Mais il n’y a pas que ça, le sexisme « ordinaire » est un fléau qui ne devrait pas exister dans le monde de la médecine. Entendre dire que vous souriez trop pour avoir mal, que vous devez être surmenée ou que c’est les hormones qui vous font croire que vous avez mal quelque part ou vous dire d’aller consulter un psy car vous être certainement trop stressée, vous dire que vous êtes trop maigre, trop grosse, pas assez active, pas assez détendue… Trop ci ou pas assez cela pour avoir mal, donc pour être entendue, comprise, prise au sérieux et avoir un diagnostic pour espérer être soulagée ou soignée… Nous avons les meilleurs systèmes de soins et de prises en charge en France. Ce qu’il faut changer ce sont les mentalités, revenir à la base du serment d’Hippocrate, traiter tous les patients comme s'ils étaient de notre famille, réapprendre continuellement les changements dans les maladies, les symptômes, s’informer, prendre plus de temps pour chaque patient, être à l’écoute, bienveillant, ne pas dire « vous n’avez rien » mais « je ne sais pas » puis chercher ce qu’on ne sait pas…
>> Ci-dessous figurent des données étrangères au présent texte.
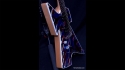 Roman Abstract Heavens on Fire Mirror Top Customer Build Sold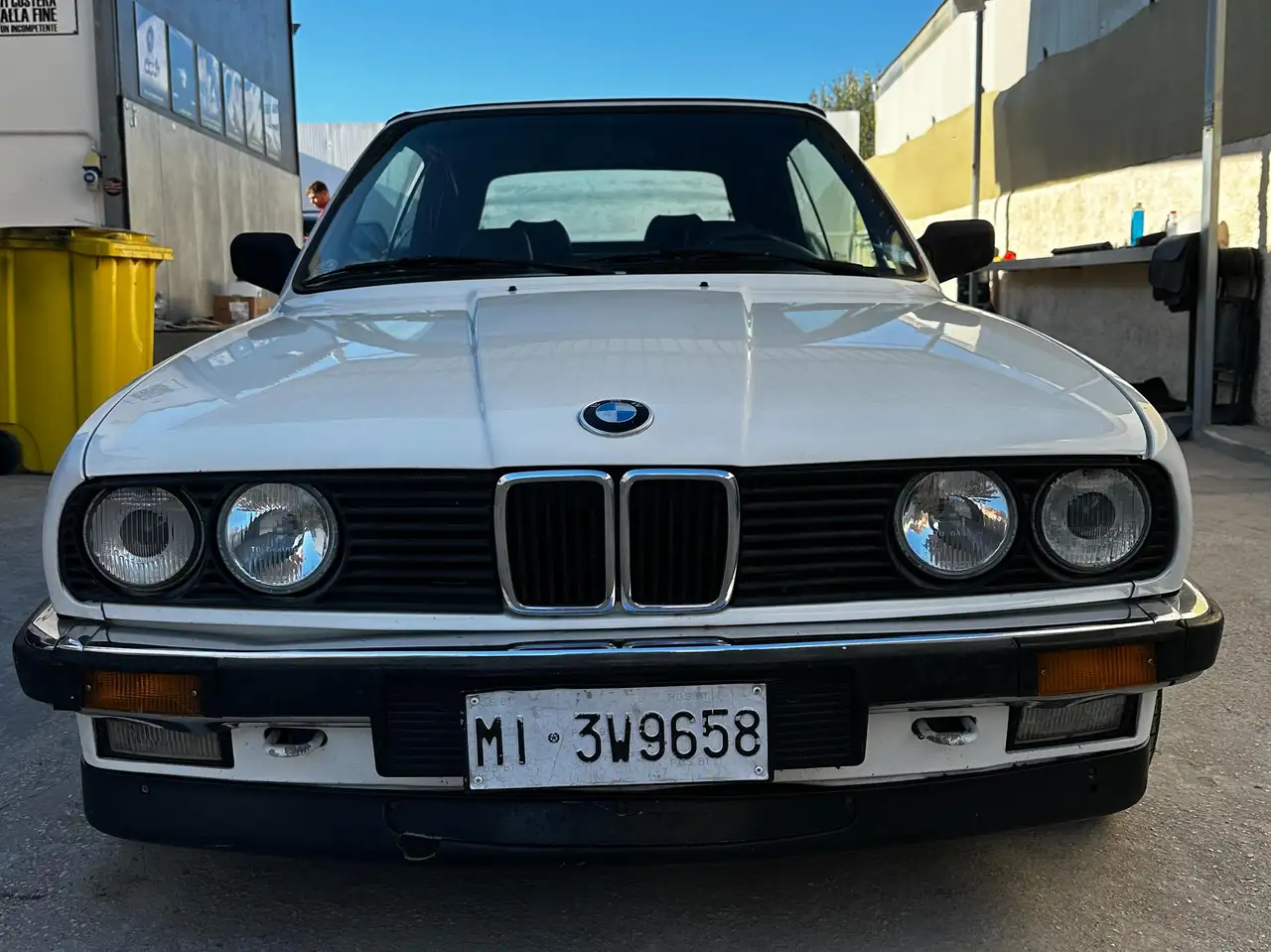 BMW 320i Cabrio L, foto 8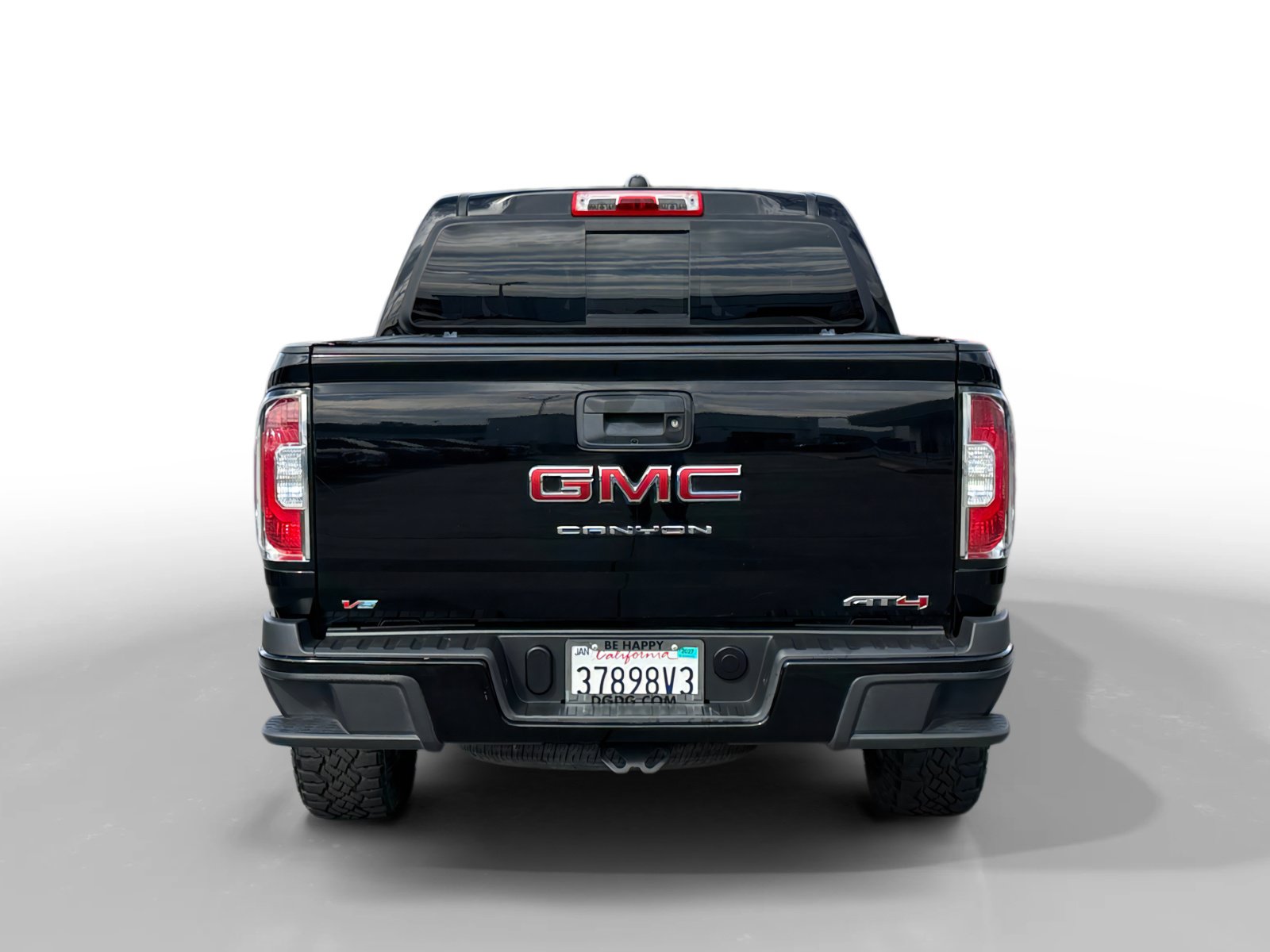Used 2022 GMC Canyon AT4 AWD/4WD image 4
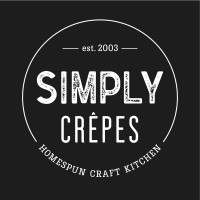 Simply Crepes Craft Kitchen and Bar logo - Similar company to Brittany Crepes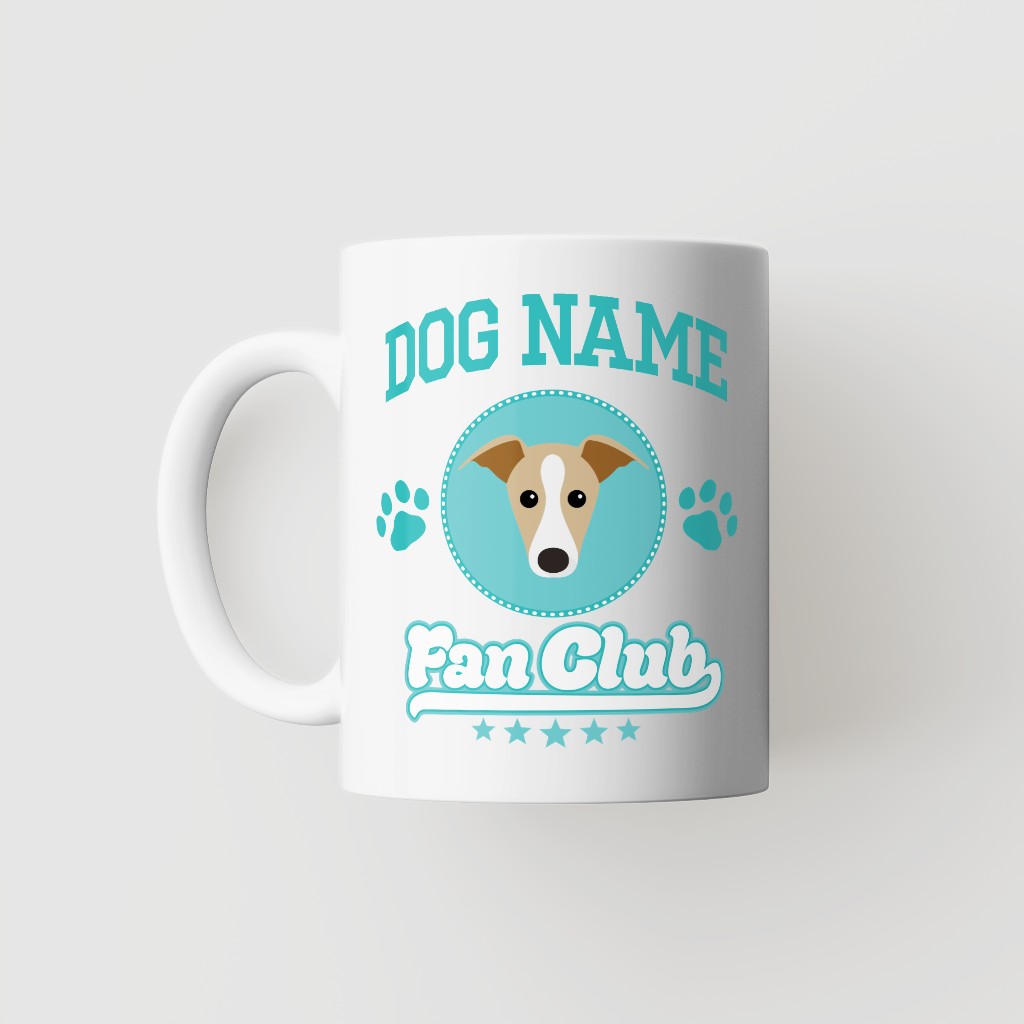 Pet Fan Club: Personalized {breedFullName} Mug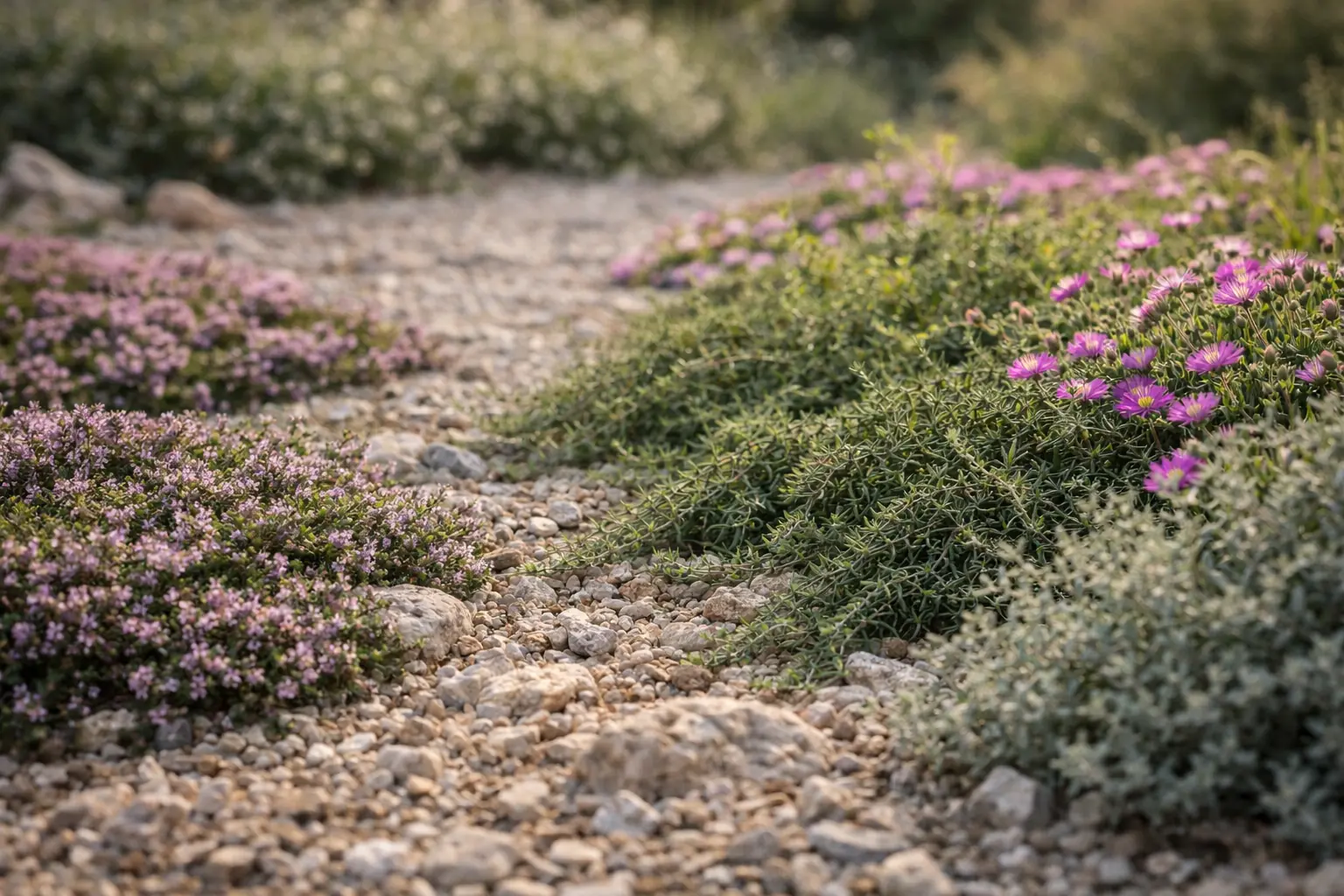 couvre-sol-mediterraneens-pour-limiter-larrosage-dans-un-massif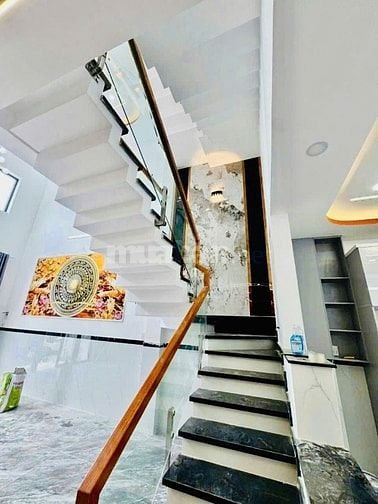 💥BÁN GẤP Nhà Xây Mới Xã Bà Điểm- Chợ Nông Sản ĐI ĐINH CƯ 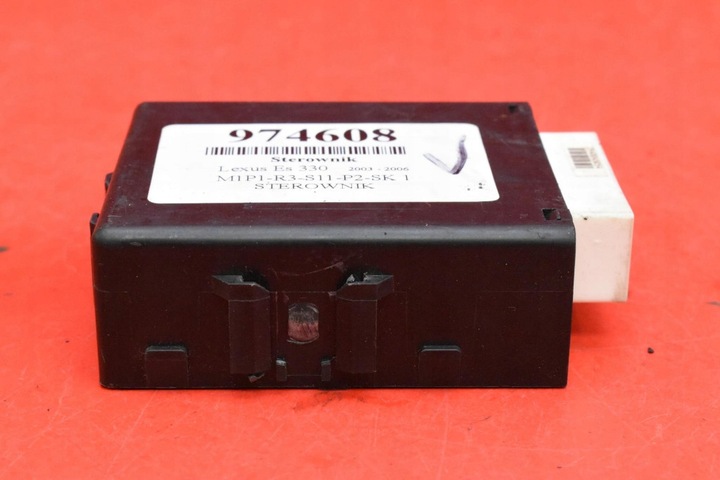 фото №5, Блок керування модуль дзеркал 89430-33050 lexus es 330 4 iv xv30 рестайлінг 03-06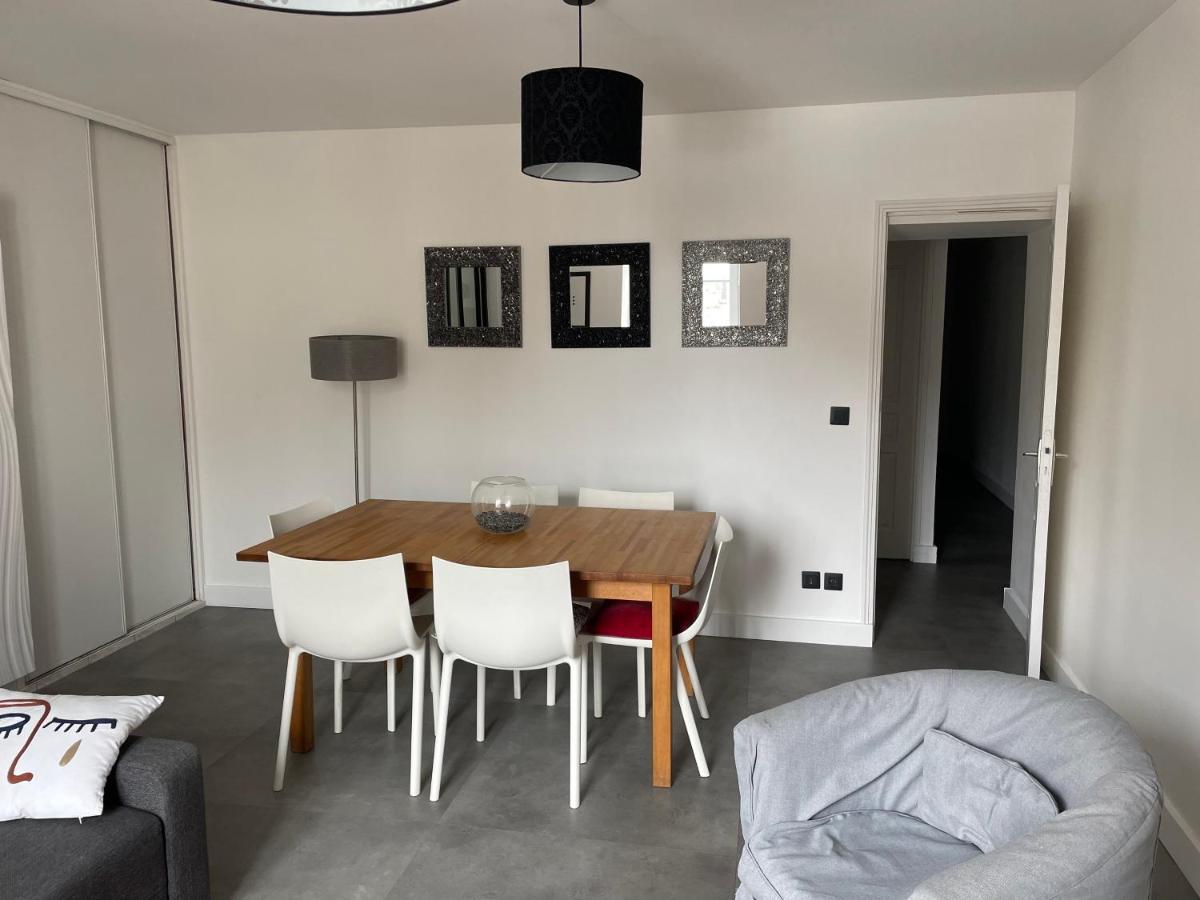 Zoralin Apartment Concarneau Exterior foto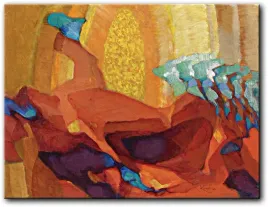 francisek-kupka-movement-131x100-cm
Évidemment là je parle pour le côté du système médical, tout en sachant qu’il y a des gens formidables et d’excellents médecins. Mais ce n’est pas tout, nous devons créer une alliance thérapeutique tous ensemble, médecins et patients. Les médecins ont peu de temps, c’est vrai, on manque de médecins d’ailleurs aux vues de toutes les personnes malades aujourd’hui. Mais les patients en savent parfois plus que le corps médical sur leurs possibles pathologies, ils ont le temps de s’informer, de chercher de leur côté, on devrait mélanger les données, les savoirs, pour avoir une meilleure chance de trouver le bon diagnostic et surtout d’avoir une meilleure prise en charge générale après la pose d’un diagnostic.
Il y a d’ailleurs de plus en plus de « patients experts » qui font la médiation. Les patients et patientes en errance veulent simplement arrêter de souffrir et retrouver une vie « normale », j’en sais quelque chose.
Enfin, quels conseils pourriez-vous apporter aux membres Carenity qui, comme vous, souffrent et n’ont toujours pas reçu de diagnostic ?
Je ne sais pas si je suis de bons conseils, surtout que la souffrance c’est propre à chacun. Mais je dirais qu’il ne faut jamais baisser les bras même dans les moments les plus durs. Dites-vous que si un médecin ne vous écoute pas, vous répond mal ou ne vous prend pas au sérieux, déjà, ce n’est pas directement contre vous. Ne le prenez pas personnellement. Ce sont des êtres humains avant tout.
Donc le mieux, c’est de laisser couler et aller chercher ailleurs, vous avez le droit de voir plusieurs médecins tant que vous n’êtes pas en accord avec ce qu’on vous dit. Entourez-vous des bonnes personnes, tournez-vous vers des associations qui sauront vous aiguiller et les médecines douces et alternatives pour vous soulager, et surtout, ne perdez pas espoir.
Un dernier mot ?
Prenez soin de vous, du mieux possible. Au final avoir un diagnostic peut aider mais pas toujours. Ça dépend des maladies et ça dépend de vous. Je vais dire quelque chose de difficile mais véridique : personne ne viendra vous sauver, à part vous. N’abandonnez pas et prenez soin de vous pour de vrai. Je sais combien on sait apprécier les jolies petites choses de la vie quand on a connu les pires. Courage à tous.